If you want to call the rise in amplitude over time of a resonance to its peak "time dependent frequency response" fine. But it is a manifestation of stored energy.

Clearly in the picture below there is no stored energy, but there is different variation of amplitude at different frequencies versus time.
An externally hosted image should be here but it was not working when we last tested it.


You see, the freq response depends on the signal you feed in. I hope more people would realise this. Wavelets gives you an opportunity to examine the quality and the quantity of the freq response versus time for different input signals. Freq response variations can come from various reasons: reflections, diffractions, resonances,... When you know how and how much freq response changes under different input signals then it's up to you to decide if it's acceptable for you or should you modify the design.

- Elias
 
"Clearly in the picture below there is no stored energy"

The IR had log decreasing peaks every ms. If that's not stored energy then I'm not sure what is.
It is clearly re-radiating energy from the original pulse at different points in time.


I take "stored energy" meaning for energy trapped in a resonance.

Anyway "stored energy" is an ambiguous definition. Better to talk about reflection, diffraction and resonance!

- Elias
 
Any delayed release of energy is due to stored energy. This could happen in any for a energy transition. Deformed spider has energy stored in it; deformation of a diaphragm has energy stored in it. Better design releases this stored energy into other forms than acoustics as fast as possible.
 
Clearly in the picture below there is no stored energy, but there is different variation of amplitude at different frequencies versus time.
An externally hosted image should be here but it was not working when we last tested it.


You see, the freq response depends on the signal you feed in. I hope more people would realise this. Wavelets gives you an opportunity to examine the quality and the quantity of the freq response versus time for different input signals. Freq response variations can come from various reasons: reflections, diffractions, resonances,... When you know how and how much freq response changes under different input signals then it's up to you to decide if it's acceptable for you or should you modify the design.

- Elias


Sorry, it is not so clear at all. I can not tell anything form that plot that would contradict that there are a series of resonance peaks in the response. That is, this could be nothing but stored energy. Different variation in amplitude at different frequencies with time is a result of stored energy. What I see is that at and around specific frequences the amplitude rises to dark red, compared to bright red between those frequencies, indicating a resonance peak. These peaks then decay over a longer period of time. Stored energy.

You can use any signal you want for input and the result will always be a reflection of the impulse response of the system.
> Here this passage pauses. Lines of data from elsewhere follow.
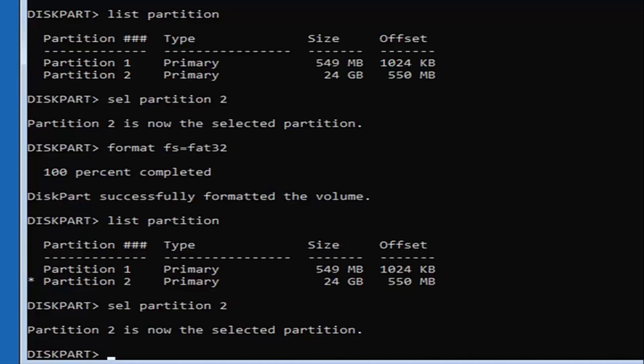If you want to go back later when you've installed Windows and change the drive letter, it's very easy to do. And if you don't change it, it's really not a big deal either way.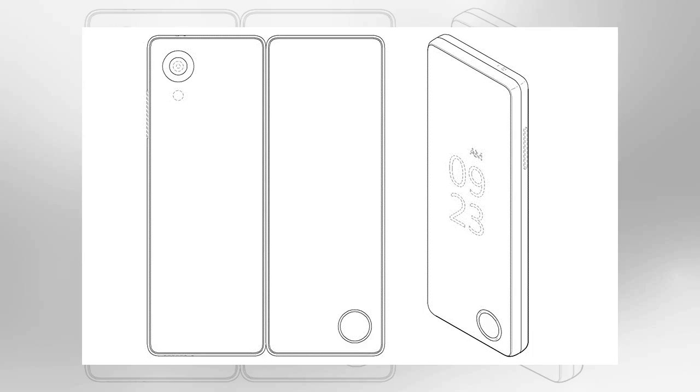A patent filed by LG shows a folding phone concept in which the handset forms a tablet when unfolded. According to the patent's details, this model, should it ever be put into production,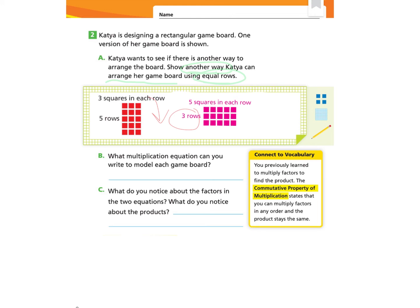Now let's look at parts B and C: what multiplication equation can you write to model each game board? We're writing two multiplication equations with factors and products. The first board has five rows and three squares in each row: five times three equals 15. The other game board has three rows and five squares in each row: three times five also equals 15. Each has its own multiplication equation, but they both have the same product.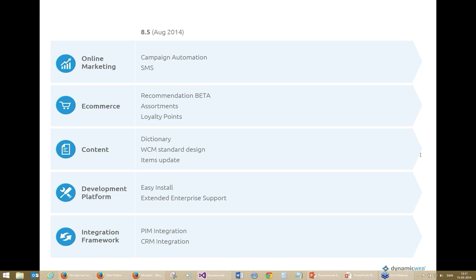Pia is asking about documentation for the website loops feature — it should be documented now or very shortly as it's in progress. Otherwise you would be able to see it with the DW template tags in your layout template.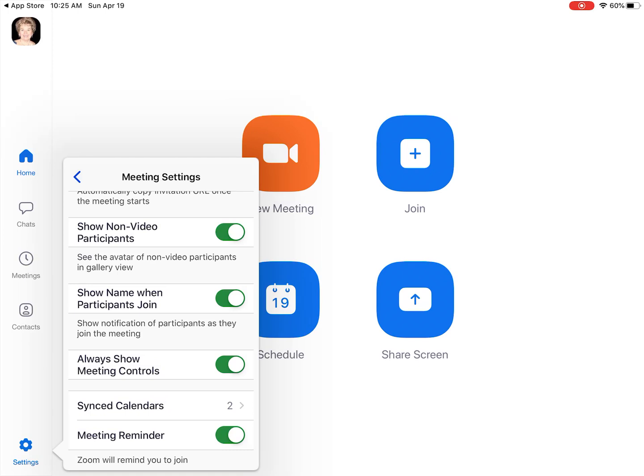That item should be green. It's a toggle button. Toggle the button if it's not green and turn it on. That will make it easier for you to use the app.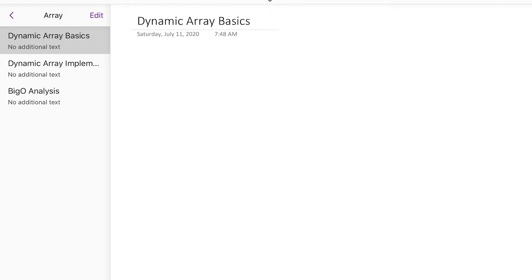Hello YouTube. In today's video, I'm going to talk about what is dynamic array and its implementation in Python. This video will be in three sections. The first section, we'll talk about what is dynamic array and its main features. The second section, we'll implement the dynamic array with Python. And in the third section, we're going to do time and space analysis.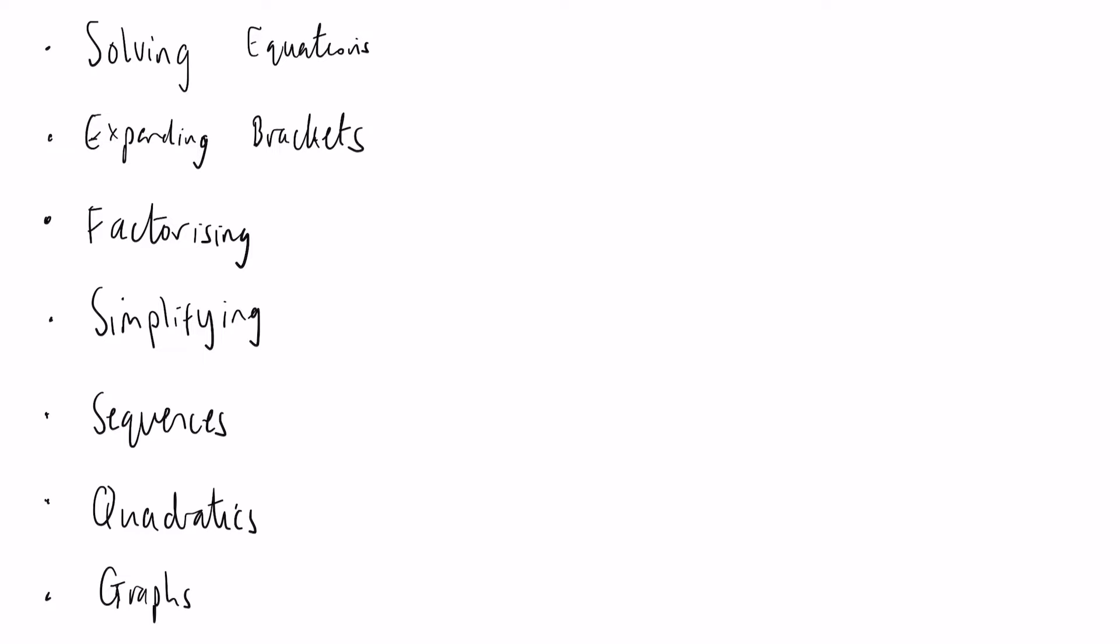Now they're all quite extensive topics, there's a lot you can learn within them. I am confident that once you understand algebra you will find maths a lot easier because it is used in virtually every topic you will come across at GCSE and A level.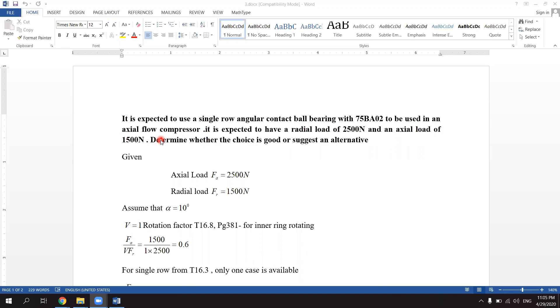While we are thinking about using a single row angular contact ball bearing with 75BA02.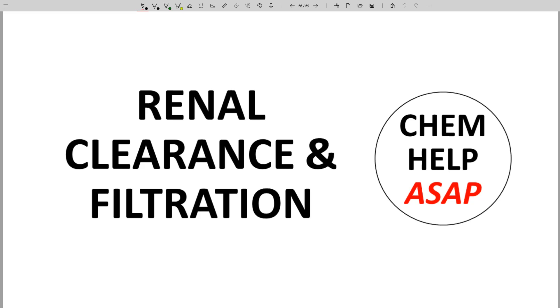Good day from Chem Help ASAP. While many drugs have low renal clearance, let's still discuss the basics of why renal clearance is highly relevant to drug discovery.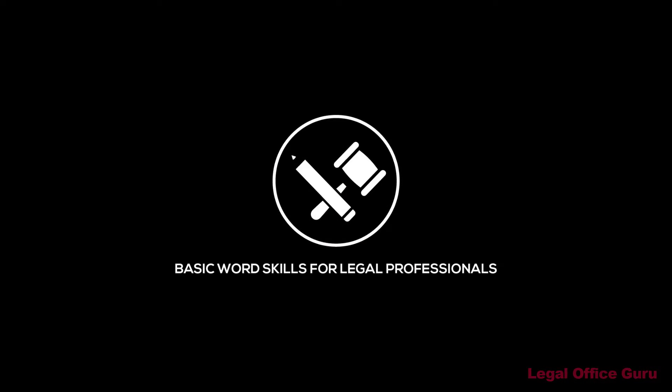This video was sponsored by my Basic Word Skills for Legal Professionals course. For more information, click the link above or in the description below.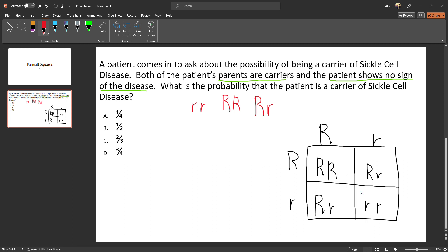The first thing to note is that the patient shows no sign of the disease. That means you immediately eliminate the homozygous recessive box, because if the patient were that genotype they would show signs of disease. Since the patient shows no sign of disease, these three remaining boxes are the three possible genotypes for the patient.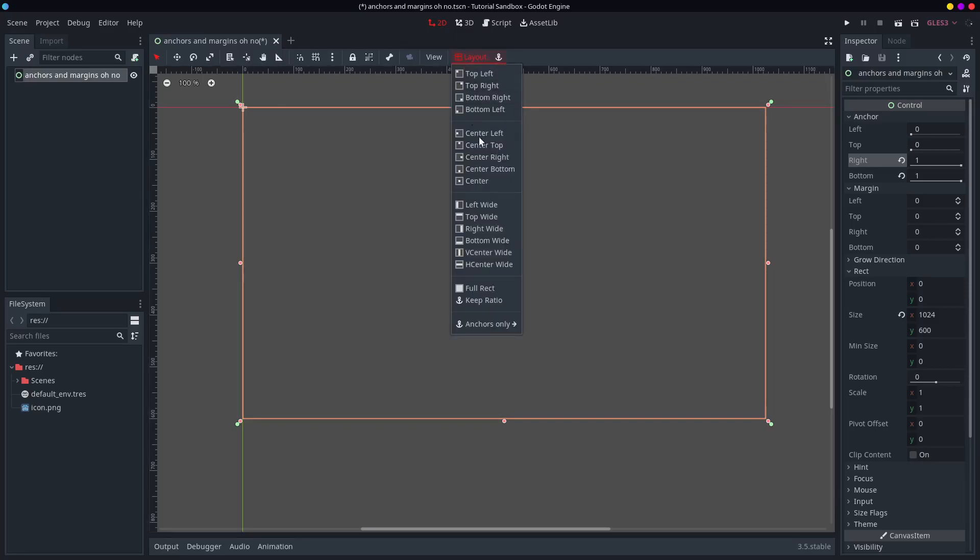The buttons are easy. They have little icons. You can't go wrong with that. So you have your full rect control node.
If the impulse is perfect the output is identical to the input except for a scale factor.

The system impulse can always be expressed as

h(t) = δ(t) + e(t)

where δ(t) is the perfect impulse and e(t) the error. Any deviation form input = output is in e(t).

The question you are addressing seems to be whether or not the system is time invariant. If the system in not time invariance, then the response should change over time even when driven by the same input. If the system response changes with regard to changes in input then it becomes a question of time variance as well as nonlinearity. As far as seeing how the FR changes with input, you can just as well see if that happens by measuring frequency response with an impulse, an MLS burst, a chirp, a swept sine, a stepped sine.... You don't need a TFR to see that. Of course you will still be faced with separating out time variance from nonlinearity.

Reflections and diffractions all act as multiple sources and in that case I would expect to see discontinuous changes in amplitude where a delayed reflection (or diffraction) combines with the direct signal. These changes would be strongly dependent on the relative strengths of the direct and reflected/diffracted signals. And these are, of course, embedded in the impulse response.

Regardless of what input signal you use and how you process it, if to obtain the result you convolve the input with a sampled system impulse to obtain the output you are not going to see any effects of time variance of the system since once you measure the impulse it is static.


FWIW, here is a burst plot form Arta

An externally hosted image should be here but it was not working when we last tested it.


Looks remarkable similar to you plot from t= 0 on. Care to venture what the system is?